Tüm dünyada barışçıl eylemler ile çevreye karşı işlenen suçlara dikkat çeken, doğa talanlarını gözler önüne serecek araştırmalar yapan Greenpeace’in macerası 1971’de küçük bir tekneyle başladı. Bu küçük tekne, Amerika’nın yeraltından nükleer test yaptığı Alaska’nın kuzeyindeki Amchitka adasına yelken açtı. Denizde atılan bu ilk kulaç, Greenpeace’in dünyadaki yolculuğunun başlangıcı oldu.  

Dalga dalga büyüyen Greenpeace’in rotasını Türkiye kıyılarına çevirmesi 1980’lerin ortasını buldu. Greenpeace Akdeniz ise Aralık 1995’ten beri hem Türkiye’deki çevre suçlarına doğrudan tanıklık ederek çözümler üretiyor hem de diğer Greenpeace ofisleriyle dünyadaki çevre suçlarına karşı mücadele ediyor. Bugün hem Greenpeace’in 50. yılını hem de Greenpeace Akdeniz’in 25. yılını kutluyoruz. 
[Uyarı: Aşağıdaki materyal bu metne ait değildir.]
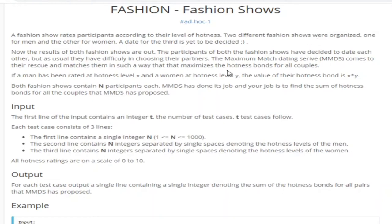What's up guys, my name is Michael and welcome to my YouTube channel. Today we are going to go over this problem called fashion shows, spodged fashion shows. It's another ad hoc problem.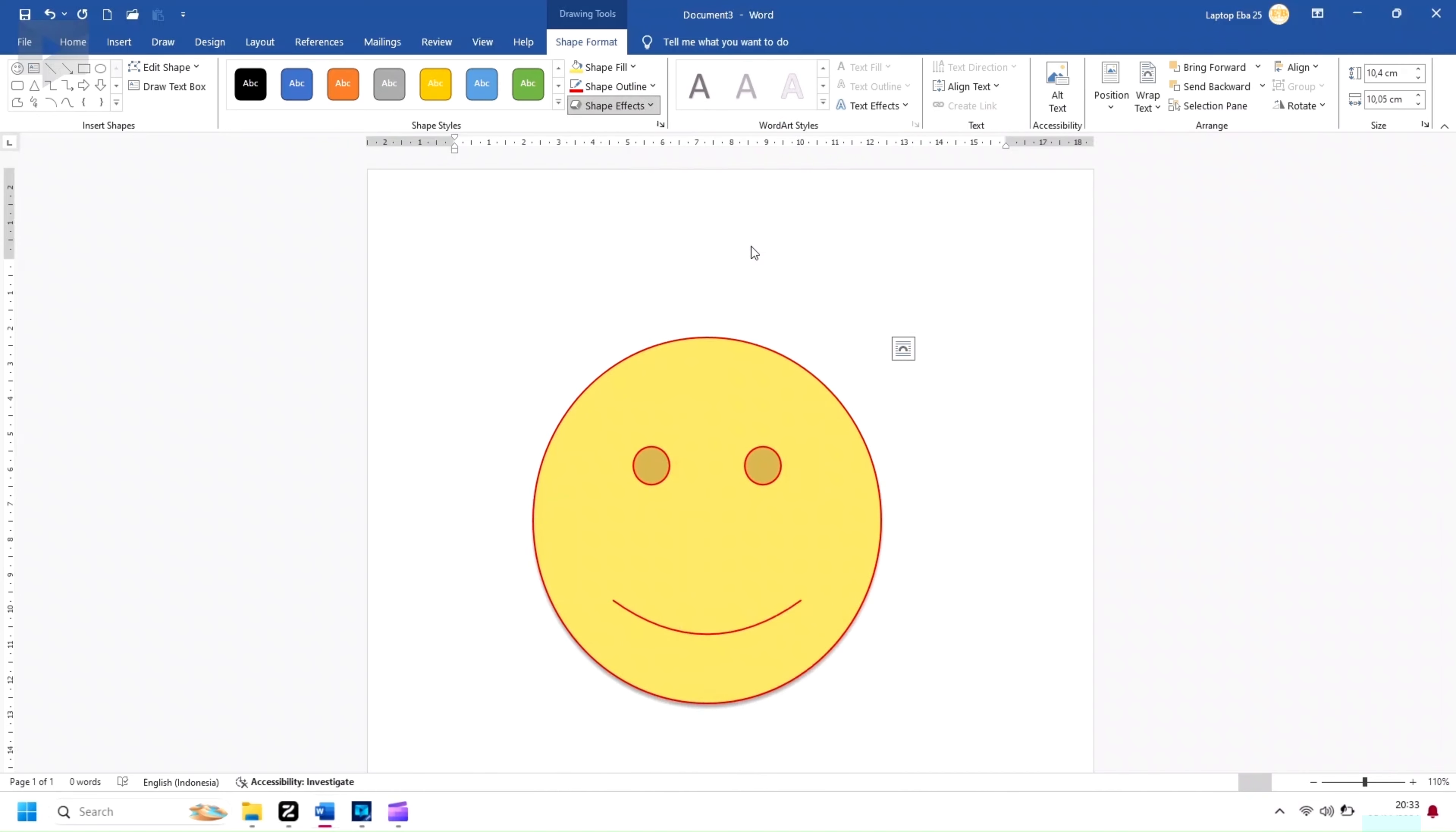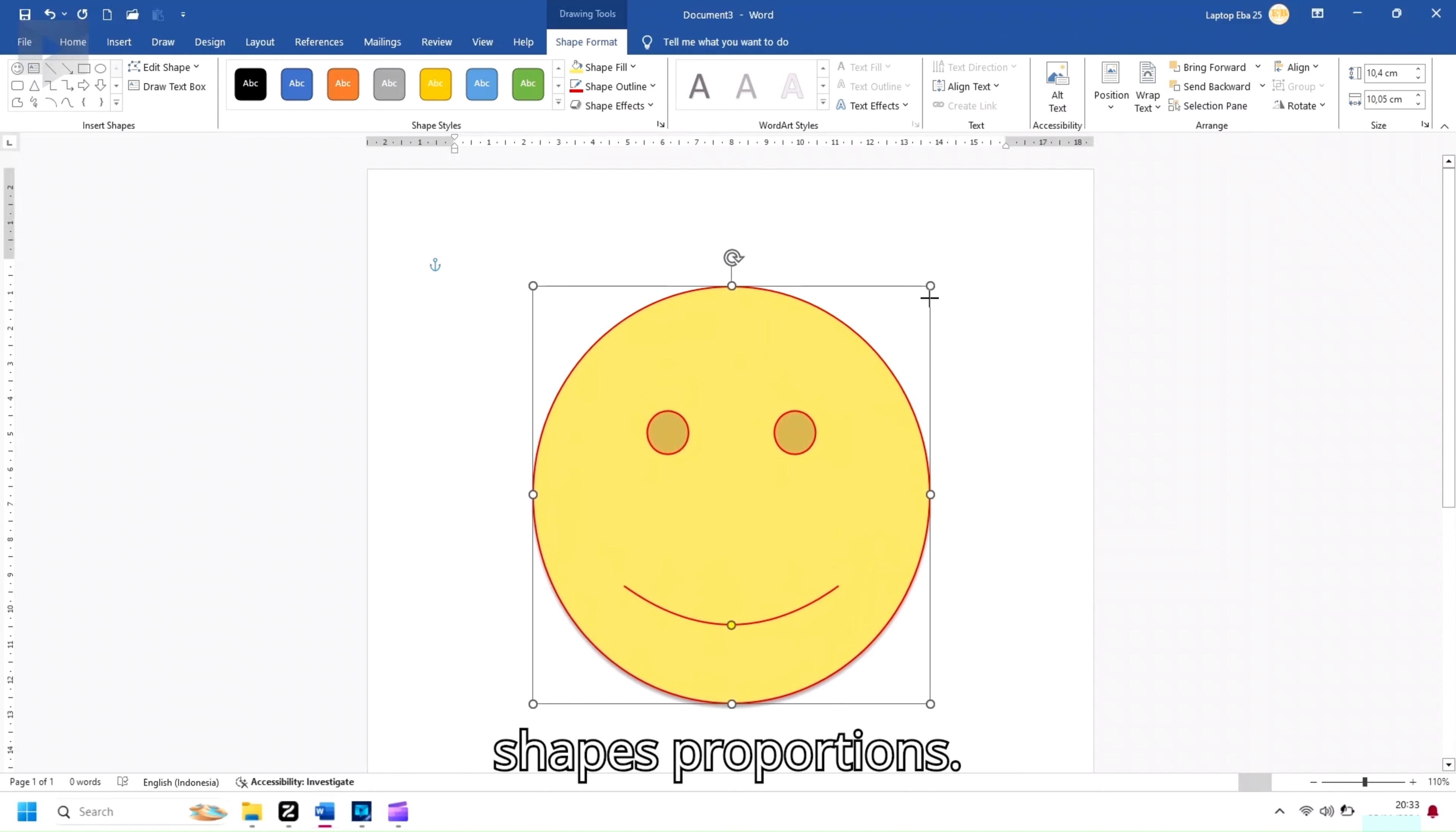To resize the shape, click and drag one of the corner handles. Hold down the Shift key while dragging to maintain the shape's proportions.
Bu çeyrek asırda Türkiye’de günü geldi asbestli gemilerin sökümünü durdurduk, günü geldi Taksim’in ortasında nükleer santral felaketine dikkat çektik, günü geldi tek tek balıkların boyunu ezberledik, günü geldi kömürlü termik santrale karşı Soma’da zeytin ağaçlarının nöbetini tuttuk, günü geldi arıları öldüren pestisitleri yasaklattık, günü geldi balıkların midesindeki plastikleri inceledik…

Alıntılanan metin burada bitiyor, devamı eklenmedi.